Exchange-traded funds, or ETFs, can be a good way to diversify your portfolio and can be cost-effective.

“ETFs are generally less costly and easier to access for investors,” said Ben Johnson, Morningstar’s director of global exchange-traded fund research. “They offer investors access to a whole host of investment strategies, from total market indexes to actively managed portfolios of stocks linked to the metaverse, with low fees, superior tax efficiency, and often much smaller investment minimums—typically as low as the price of a single share.”

Here’s what industry experts have to say about how to make ETFs sound investment values.

Try to consider limit orders

Johnson notes it’s important to know and respect what the “ET” in ETF stands for. “ETFs trade like stocks, and investors should practice good hygiene when it comes to trading them to avoid running up a big trading cost bill,” he said.


Specifically, Johnson explained that investors should consider using limit orders when buying and selling ETFs.

“This will help to ensure that they get the price they ask for (if not better) and prevent them from transacting at a price they might not like,” he said.

Benefit from tax efficiencies

ETFs are fully transparent, said Tom Lydon, vice chairman with VettaFi.

“They frequently update their holdings, so investors know exactly what they are getting themselves into,” he said.


Also, Lydon explained that ETFs are more tax efficient than traditional open-end funds.
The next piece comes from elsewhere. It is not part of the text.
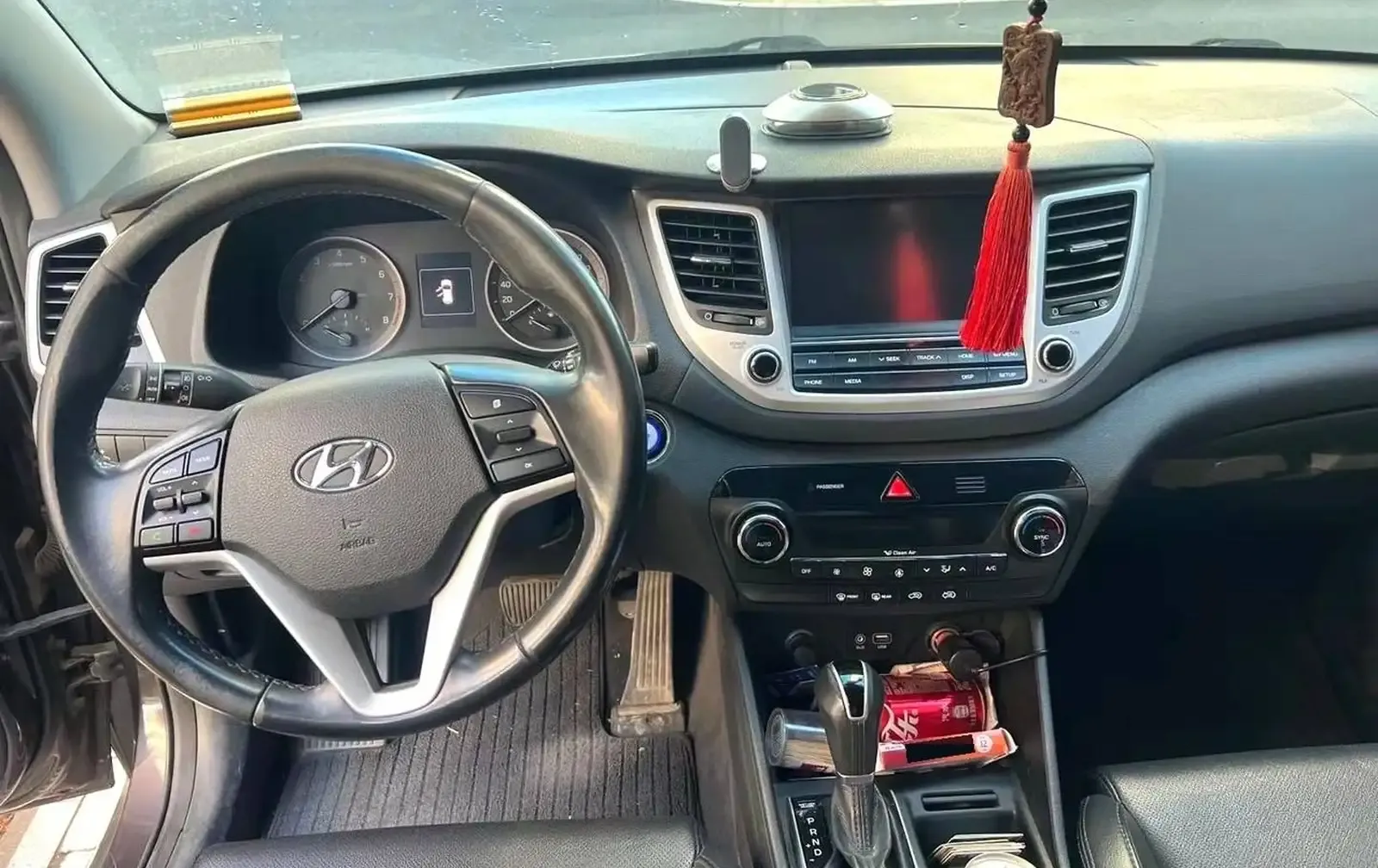 Hyundai Tucson, 2016 — фото 3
Due to structural differences, said Lydon, ETFs do not incur a capital gains tax like how mutual funds would, but still come with a capital gains tax upon the sale of the ETF by an investor.

ETFs build on the ease of mutual funds

According to Lydon, ETFs may be seen as an improved version of their mutual fund cousins, providing the benefits of mutual funds and then some.

“Some of the key selling points of ETFs beyond traditional open-end funds may include things like lower expense ratios, flexible intraday trading, transparent nature and improved tax efficiency for taxable accounts,” Lydon said.


Finally, unlike mutual funds that are bought and sold once per day after the market closes, ETFs trade all day long.

“If you are familiar with trading individual company stocks on a brokerage platform, then picking up an ETF should be a similar experience,” continued Lydon.

Furthermore, he said more knowledgeable investors may also utilize various trade orders for executing ETF trades, including limit orders and stop-limit orders, along with short selling, to better manage their investment experience.